This macro trend of loose monetary policy is very favorable for ETH in the next 3 to 18 months.

6. Staking: On-chain Staking and ETF Staking in Tandem

Ethereum core researcher Justin Drake pointed out in multiple podcast interviews between 2024 and 2025: "Ethereum staking has become fundamental to network security and economic models. If the U.S. approves staking ETFs, it could bring in billions of dollars in new institutional demand."

Ethereum's transition to proof of stake (PoS) has opened up new dynamics around staking, and U.S. regulators are gradually becoming more open to investment products that utilize staking yields. With the SEC approving several spot Ethereum ETFs in 2024, preparations are in place for the next phase of innovation: a U.S. staking ETF that provides exposure to ETH along with staking returns.

Thus, Ethereum's future staking will take a dual approach:

1. Traditional Institutional Staking: How a staking-supporting ETF might impact Ethereum's ecosystem and value;

2. On-chain Protocol Staking: The role of protocols like Lido and Ether.Fi in popularizing staking.

Growing Staking Participation: Ethereum staking has experienced strong growth following the Merge and Shanghai upgrade. As of the first quarter of 2025, approximately 28% of the total ETH supply is staked in validator nodes, reaching an all-time high, reflecting strong confidence in the network.

On-chain Staking Bullishness Breaking Centralized Staking

It is noteworthy that ETH staking has not become centralized: Lido Finance remains the largest single staking provider, but its previously dominant market share (over 30%) has not continued to concentrate. The reason lies in Lido's active promotion of Community Staking (CSM) and Decentralized Validator Technology (DVT), which has gradually increased its share in the Lido Staking pool, thereby dispelling past concerns about ETH staking becoming centralized.

At the same time, the staking landscape is becoming more diverse, with new platforms like Ether.Fi seeing approximately 30% growth in staked ETH over the past six months, and over 310,000 ETH added in net staking just in the past month. Particularly, strategies related to circular lending have shown how Ether.Fi demonstrates innovation in making Ethereum staking more accessible and capital-efficient: users can easily participate with small amounts, maintain liquidity, and even amplify returns, all of which encourage broader staking participation.

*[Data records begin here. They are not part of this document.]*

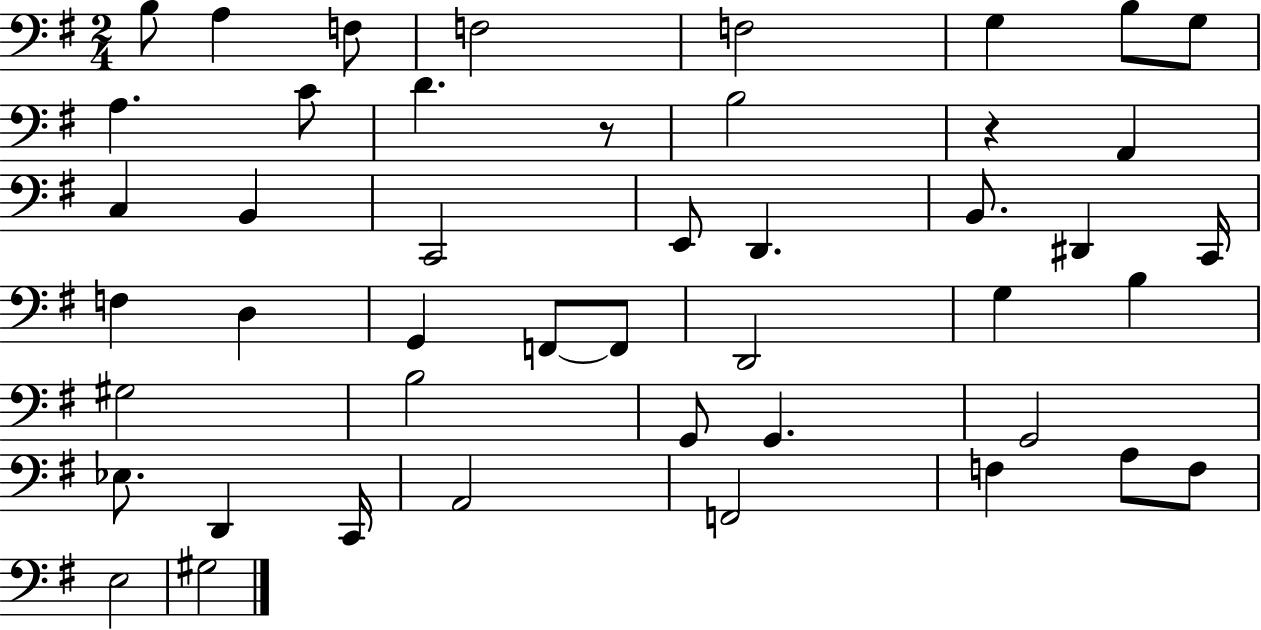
X:1
T:Untitled
M:2/4
L:1/4
K:G
B,/2 A, F,/2 F,2 F,2 G, B,/2 G,/2 A, C/2 D z/2 B,2 z A,, C, B,, C,,2 E,,/2 D,, B,,/2 ^D,, C,,/4 F, D, G,, F,,/2 F,,/2 D,,2 G, B, ^G,2 B,2 G,,/2 G,, G,,2 _E,/2 D,, C,,/4 A,,2 F,,2 F, A,/2 F,/2 E,2 ^G,2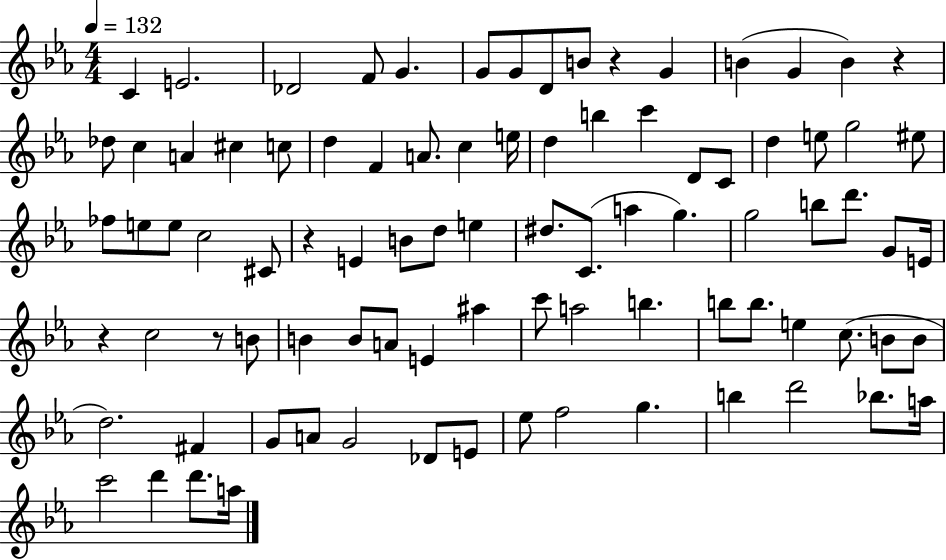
C4/q E4/h. Db4/h F4/e G4/q. G4/e G4/e D4/e B4/e R/q G4/q B4/q G4/q B4/q R/q Db5/e C5/q A4/q C#5/q C5/e D5/q F4/q A4/e. C5/q E5/s D5/q B5/q C6/q D4/e C4/e D5/q E5/e G5/h EIS5/e FES5/e E5/e E5/e C5/h C#4/e R/q E4/q B4/e D5/e E5/q D#5/e. C4/e. A5/q G5/q. G5/h B5/e D6/e. G4/e E4/s R/q C5/h R/e B4/e B4/q B4/e A4/e E4/q A#5/q C6/e A5/h B5/q. B5/e B5/e. E5/q C5/e. B4/e B4/e D5/h. F#4/q G4/e A4/e G4/h Db4/e E4/e Eb5/e F5/h G5/q. B5/q D6/h Bb5/e. A5/s C6/h D6/q D6/e. A5/s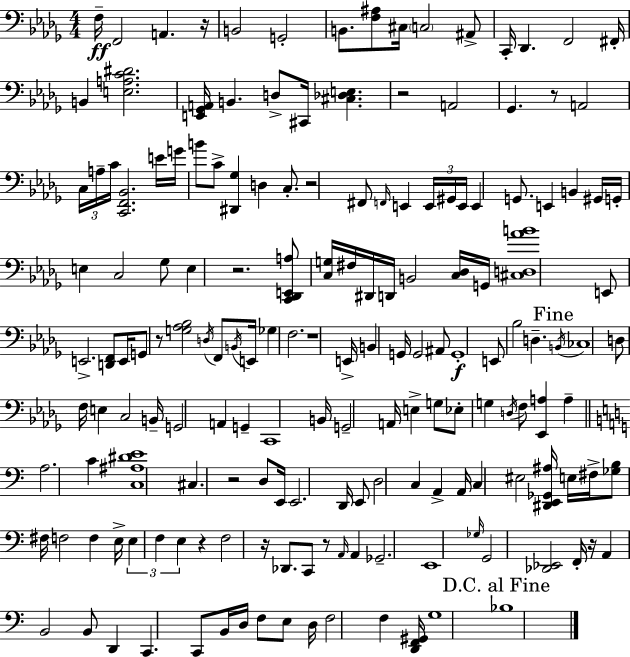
{
  \clef bass
  \numericTimeSignature
  \time 4/4
  \key bes \minor
  f16--\ff f,2 a,4. r16 | b,2 g,2-. | b,8. <f ais>8 cis16 \parenthesize c2 ais,8-> | c,16-. des,4. f,2 fis,16-. | \break b,4 <e a c' dis'>2. | <e, ges, a,>16 b,4. d8-> cis,16 <cis des e>4. | r2 a,2 | ges,4. r8 a,2 | \break \tuplet 3/2 { c16 a16-- c'16 } <c, f, bes,>2. e'16 | g'16 b'8 c'8-> <dis, ges>4 d4 c8.-. | r2 fis,8 \grace { f,16 } e,4 \tuplet 3/2 { e,16 | gis,16 e,16 } e,4 g,8. e,4 b,4 | \break gis,16 g,16-. e4 c2 ges8 | e4 r2. | <c, des, e, a>8 <c g>16 fis16 dis,16 d,16 b,2 <c des>16 | g,16 <cis d aes' b'>1 | \break e,8 e,2.-> <d, f,>8 | e,16 g,8 r8 <g aes bes>2 \acciaccatura { d16 } f,8 | \acciaccatura { b,16 } e,16 ges4 f2. | r1 | \break e,16-> b,4 g,16 g,2 | ais,8 g,1-.\f | e,8 bes2 d4.-- | \mark "Fine" \acciaccatura { b,16 } ces1 | \break d8 f16 e4 c2 | b,16-- g,2 a,4 | g,4-- c,1 | b,16 g,2-- a,16 e4-> | \break g8 ees8-. g4 \acciaccatura { d16 } f8 <ees, a>4 | a4-- \bar "||" \break \key c \major a2. c'4 | <c ais dis' e'>1 | cis4. r2 d8 | e,16 e,2. d,16 e,8 | \break d2 c4 a,4-> | a,16 c4 eis2 <dis, e, ges, ais>16 e16 fis16-> | <ges b>8 fis16 f2 f4 e16-> | \tuplet 3/2 { e4 f4 e4 } r4 | \break f2 r16 des,8. c,8 r8 | \grace { a,16 } a,4 ges,2.-- | e,1 | \grace { ges16 } g,2 <des, ees,>2 | \break f,16-. r16 a,4 b,2 | b,8 d,4 c,4. c,8 b,16 d16 | f8 e8 d16 f2 f4 | <d, f, gis,>16 g1 | \break \mark "D.C. al Fine" bes1 | \bar "|."
}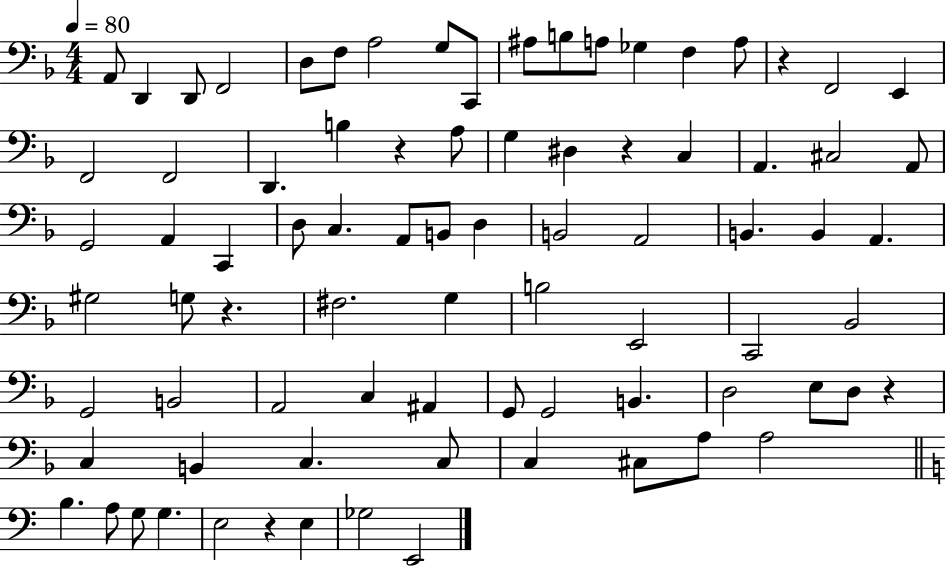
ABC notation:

X:1
T:Untitled
M:4/4
L:1/4
K:F
A,,/2 D,, D,,/2 F,,2 D,/2 F,/2 A,2 G,/2 C,,/2 ^A,/2 B,/2 A,/2 _G, F, A,/2 z F,,2 E,, F,,2 F,,2 D,, B, z A,/2 G, ^D, z C, A,, ^C,2 A,,/2 G,,2 A,, C,, D,/2 C, A,,/2 B,,/2 D, B,,2 A,,2 B,, B,, A,, ^G,2 G,/2 z ^F,2 G, B,2 E,,2 C,,2 _B,,2 G,,2 B,,2 A,,2 C, ^A,, G,,/2 G,,2 B,, D,2 E,/2 D,/2 z C, B,, C, C,/2 C, ^C,/2 A,/2 A,2 B, A,/2 G,/2 G, E,2 z E, _G,2 E,,2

Staking returns have changed investors' considerations — ETH is no longer a non-yielding asset but is gradually resembling a productive asset, with yields comparable to dividends or interest, even addressing Warren Buffett's past criticisms of gold and Bitcoin-like assets for being non-yielding. Overall, the amount of staked ETH continues to reach new highs, indicating that holders view staking as an attractive long-term strategy (earning yields while securing the network) rather than short-term speculation.

Anticipated U.S. Staking ETF and Its Impact

With spot Ethereum ETFs already trading in the U.S., a natural progression is to launch an ETF that not only holds ETH but also participates in staking to earn yields. Such a product would be groundbreaking, providing traditional investors with exposure to ETH price appreciation and approximately 3–4% annualized staking returns in a single, regulated tool. If the U.S. supports the approval of staking ETFs, the impact on Ethereum could be significant:

  • Increased Demand and Reduced Circulation: A staking ETF could attract institutional capital and retirement accounts that prefer the convenience of ETFs. This would lock more ETH in staking contracts, effectively reducing the liquidity supply in circulation, and a popular ETF could exert a "push" effect on ETH prices.

  • Legitimizing Staking: Especially as the new SEC chair has clarified that "validators and staking-as-a-service" do not fall under securities jurisdiction, this would send a strong signal for the approval of staking ETFs in the U.S.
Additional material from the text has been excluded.